José Tadeu Arantes | Agência FAPESP – a new compound that inhibits replication hepatitis C (HCV) at different stages of its cycle – and is able to work on bacteria, fungi and cancer cells – have been synthesized by researchers at Unesp.
A study supported by FAPESP with several instruments to promote research [veja a relação adiante] – has been described in an article published in the Scientific Reports of Nature magazine.
"What we have done is to combine existing molecules with the help of a laboratory synthesis for the production of new compounds with biological potential, which is called bioconjugation. Six compounds were synthesized by bioconjugation and tested on HCV genotypes 2a and 3a. we have reached a compound with a high therapeutic potential, "said Paul Ricardo da Silva Sanches, a chemist, one of the two main authors of the Agência FAPESP study.
The hepatitis C virus represents an important genomic variability that has at least six major genotypes, each having a subtype. Genotypes 2a and 3a are the most common subtypes of circulating HCV. The compound that could be destroyed – AG-hexate – was synthesized from gallic acid and peptide hepta.
"We found that this compound works at almost every stage of the HCV replication cycle – which is not a common feature of antiviral drugs. They usually have single, isolated targets such as capsid proteins, membrane receptors or specific proteins such as NS3 that inhibit specific procedures , such as the introduction of a virus into cells, the synthesis of genetic and protein material, the assembly and release of new viral contaminant particles. AG-hecat, on the other hand, has introduced a broad activity that operates in several phases of the cycle, Sanches explained.
"The compound also has activity in so-called lipid droplets – droplets of lipids inside which the virus circulates in cells and protects it against the attack of enzymes. AG-hecate empties these drops of lipids and leaves the replicative complex of the virus exposed to cell enzyme activity," he continued.
The researchers tested AG-hecat in the whole source and the so-called "subgenomic replicons", which have all the elements for replicating viral genetic material in cells, but can not synthesize the proteins that are responsible for the infection. And the compound was effective in all tests.
The second virtue presented by the compound was its high selective index. This means that the virus attacks much more than the host cell. And therefore it has the potential to be used as a medicine in the treatment of the disease.

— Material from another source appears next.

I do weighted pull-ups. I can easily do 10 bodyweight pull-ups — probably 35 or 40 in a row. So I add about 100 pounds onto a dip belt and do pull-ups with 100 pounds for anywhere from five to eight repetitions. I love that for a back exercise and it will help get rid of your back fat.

"Although the compound shows a small activity in red blood cells, the molecule must change in its structure to further reduce its toxicity. In this work, we are now working to investigate the development of the in vitro phase into the in vivo phase," said the researcher Unesp.
According to Professor Eduardo Maffud Cilli, Doctoral Consultant at Sanches at the Unesp Chemistry Institute in Araraquara (SP), "the average time for the design and development of therapeutic peptides is ten years." A study of this data has just come out. has been spent for about two years. "" Depending on the statistical average, it will take another eight years for the drug to reach the market. "

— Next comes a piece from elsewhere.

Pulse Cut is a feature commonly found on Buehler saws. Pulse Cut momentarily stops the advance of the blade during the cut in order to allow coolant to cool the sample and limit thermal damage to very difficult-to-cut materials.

Cilli participated in the study and signed an article published in scientific reports. "The great news is that this molecule does not only work on HCV, it can also work on bacteria, fungi, and cancer cells. In addition, because zirconium viruses and yellow fever have very similar repetitive cycles for HCV, we will also test the effectiveness of AG-hepatitis according to these viruses, "he said.
In the case of cancer, the molecule interacts and destroys the affected cell's membrane. Here the selectivity of AG-hecate is due to the fact that a cell that is modified in cancer has a larger amount of negative charges on the surface than a normal cell. And the peptide has a positive charge. Then there is electrostatic attraction action. In the case of a virus, the mechanism of action of the molecule is more complex than shown in the figure.
Studies were conducted at the Laboratory for Synthesis and Biomolecular Studies of the UNESP Chemical Institute in Ararquara, coordinated by Professor Eduardo Maffud Cilli and the Laboratory for Genomic Studies of the Institute of Biosciences, Letters and Precise Sciences of Unesp in Sao Jose do Rio Preto Head of prof. Paula Rahal, director of the doctor Mariano Nogueira Batista, a researcher who shares the authorship of this work with Sanches.
In addition to Sanches and Cilli, they also participated in a study by Mariano Nogueira Batista, Bruno Moreira Carneiro, Ana Cláudia Silva Braga, Guilherme Rodrigues Fernandes Campos and Paula Rahal.
The research was supported by FAPESP within the Center for Innovation in Biodiversity and Drugs (CIBFar), one of the centers for research, innovation and dissemination (CEPID) funded by FAPESP. The Foundation also awarded scholarships for the following projects:
"Development of multifunctional pro-drugs for combined hepatocellular carcinoma and HCV therapy."
"Evaluation of synthetic peptides in targeted hepatitis C virus inhibition".
"Adjustment of the rodent hepacivirus associated with the hcv virus on the mouse host"
The article of GA-Hecate antiviral properties throughout the entire HCV cycle represents a new antivirus class and opens the door for the development of wide-spectrum antivirals, is available at www.nature.com/articles/s41598-018-32176-w.